Prophylaktische OP bei asymptomatischer Carotis-Stenose?
Die Schlaganfallrate bei Carotis-Stenosen sinkt kontinuierlich aufgrund von Fortschritten in der medikamentösen Behandlung, vor allem der breiten Einführung der Statin-Therapie. Auch ein langsamer Progress zum Carotisverschluss verläuft in den allermeisten Fällen asymptomatisch. Die „number needed to treat“ zur Vermeidung eines schweren Schlaganfalls pro Jahr liegt bei der primärprophylaktischen Operation bei 200, dies allerdings auch nur, wenn ein Komplikationsrisiko von unter 3% für die Operation eingehalten wird. Daher ist ein „best medical treatment“ – Statin (LDL < 70 md/dl ideal), ASS, Kontrolle von Blutdruck und Diabetes – die primär sinnvolle Therapie. Ein wichtiges Kriterium ist auch das Alter: Die Benefitphase der Operation beginnt nach 5 bis 10 Jahren, d.h. erst dann hat der Patient das OP-Risiko eingeholt. Man sollte also auch seine Lebenserwartung berücksichtigen. Ein Nutzen der prophylaktischen Operation ist vor allem für die Patientengruppe anzunehmen, die ein erhöhtes Risiko für Schlaganfälle aufweist.

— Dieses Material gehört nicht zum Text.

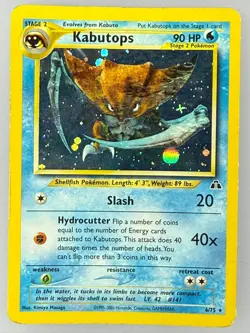 Pokemon - Kabutops 6 Holo Neo Discovery - Image 1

Zu dieser Risikogruppe gehören u.a. Patienten mit schlechter hämodynamischer Kompensation der ACI-Stenose (z.B. Nachweis mittels Ultraschalltest) oder einer instabilen Plaque mit sehr rascher Zunahme des Stenosegrades (d.h. mind. 20%/Jahr). Es gilt also, diese Patienten zu identifizieren.